Griffiths and all of the original boys will then embark on an international tour to Hong Kong (14 to 18 February), New Zealand (24 to 28 February) and Australia (4 March to 8 April), culminating with 20 weeks at Broadway’s Broadhurst Theatre (See News, 27 Jul 2005).
The History Boys received its world premiere on 18 May 2004 (previews from 8 May) at the NT Lyttelton where, after extensions, it continued until 26 April 2005. Set in the 1980s, the play questions the purpose and means of education. In a school where the headmaster cares only about exam results, a bunch of excitable sixth form boys go about their pursuit of the important things: sex, sport and a university place. The current, Barrit-led UK tour concludes on 26 November in Milton Keynes prior to its London return.
Amongst The History Boys’ shedload of awards to date are: Best Play at the Evening Standard and Critics’ Circle Awards, Best New Play at the Olivier Awards and Best New Comedy at the Whatsonstage.com Theatregoers’ Choice Awards. In addition, Griffiths won a hat trick of Best Actor prizes at the Evening Standard, Critics’ Circle and Oliviers; Barnett won both the Best London Newcomer and Best Supporting Actor in the Whatsonstage.com Awards (See News, 15 Feb 2005); and Hytner won the Olivier for Best Director.
For the UK tour, Desmond Barrit (A Funny Thing Happened on the Way to the Forum, HMS Pinafore, Accidental Death of an Anarchist) will lead the cast as Hector. The company will also include Bruce Alexander, James Cartwright, Philip Correia, Marc Elliott, Diane Fletcher, James King, Tobias Menzies, Thomas Morrison, Matt Smith, Kenny Thompson, Steven Webb and Samuel Yates.
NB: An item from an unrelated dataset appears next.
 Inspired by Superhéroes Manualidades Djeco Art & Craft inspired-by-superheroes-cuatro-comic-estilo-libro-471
The tour is directed by Simon Cox, based on Hytner’s original production.
Currently enjoying a sell-out season in the NT Cottesloe, Mike Leigh’s Two Thousand Years will enter the larger Lyttelton for an open-ended run from 25 March 2006 (See The Goss, 22 Sep 2005), following its regional tour from 7 February to 18 March 2006, when it visits Salford, Newcastle, Warwick, Malvern and Cambridge (See News, 27 Sep 2005).
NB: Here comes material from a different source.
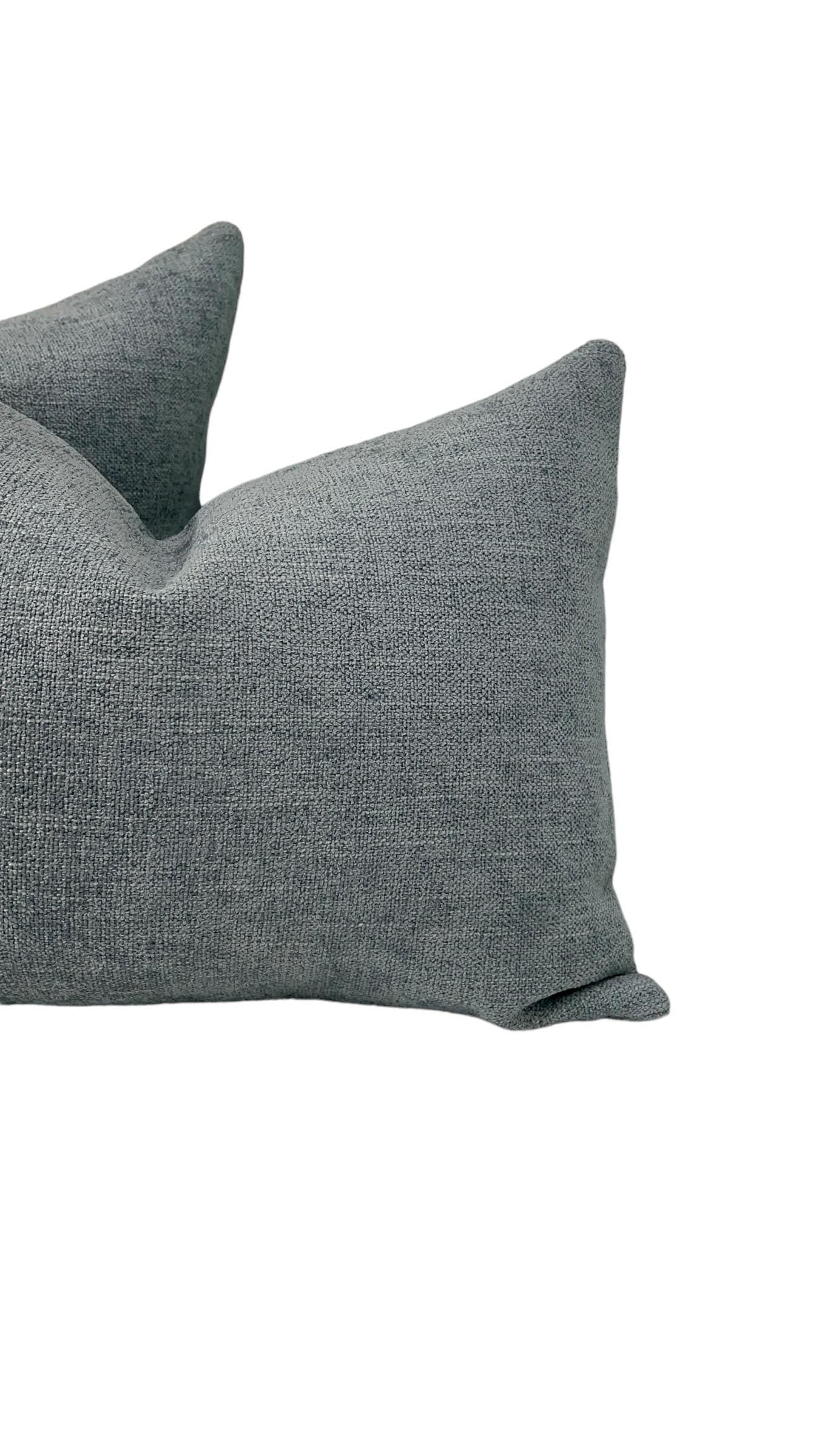 Blue Linen Throw Pillow Cover, Textured Minimalist Cushion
The writer-director’s first new stage play in 12 years, Two Thousand Years sold out its initial season at the NT Cottesloe long before it opened on 15 September 2005, following delayed previews from 10 September, 18 weeks of rehearsal and months of hype and speculation about its title and content.
Set in modern London, the domestic drama revolves around the strained relationships in a middle-class Jewish family, whose liberal-minded parents are shocked when their son becomes religious. But which views are more rigid: the staunchly non-secular ones or those of a new-found faith? In Leigh’s own words, “the play explores, in a gentle tragi-comic way, a wide range of issues, including politics, religion, identity and the vexed question of Israel and the Middle East.”
The eight-strong cast comprises Adam Godley, Samantha Spiro, John Burgess, Ben Caplan (pictured), Allan Corduner, Caroline Gruber, Nitzan Sharron and Alexis Zegerman. The production continues its sell-out repertory run at the NT Cottesloe until 31 January 2006.
Finally, the Complicite co-production of Measure for Measure will play in the NT Lyttelton rep for five weeks only from 15 February to 18 March 2006 (previews from 10 February). Directed by Complicite co-founder and artistic director Simon McBurney, it was first seen in May 2004 as part of that year’s Travelex £10 Season in the NT Olivier and subsequently toured internationally. Naomi Frederick will reprise her role as Isabella with Angus Wright playing Angelo, the part for which original star Paul Rhys won a Critics’ Circle Award.